#### [PROBLEM STATEMENT]
Your task is to restate the listing word for word without the pictures.

═══ RECORDED DATA

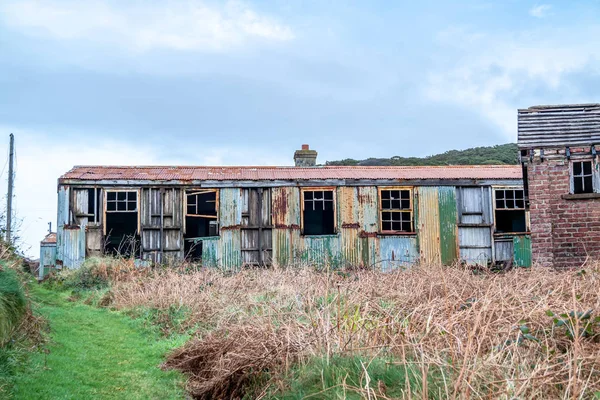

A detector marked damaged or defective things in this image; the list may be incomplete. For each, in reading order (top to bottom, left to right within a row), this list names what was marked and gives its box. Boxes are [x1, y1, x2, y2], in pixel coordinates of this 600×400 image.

rusty corrugated roof [58, 164, 524, 181]
broken window [572, 161, 596, 195]
broken window [105, 190, 139, 256]
broken window [185, 190, 220, 260]
broken window [302, 190, 336, 236]
broken window [380, 188, 412, 233]
broken window [494, 190, 528, 234]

══════

#### [RESULT BELOW]
A detector marked damaged or defective things in this image; the list may be incomplete. For each, in reading order (top to bottom, left to right within a row), this list names what was marked and gives its box. Boxes are [x1, y1, x2, y2], in pixel coordinates of this 600×400 image.

rusty corrugated roof [58, 164, 524, 181]
broken window [572, 161, 596, 195]
broken window [105, 190, 139, 256]
broken window [185, 190, 220, 260]
broken window [302, 190, 336, 236]
broken window [380, 188, 412, 233]
broken window [494, 190, 528, 234]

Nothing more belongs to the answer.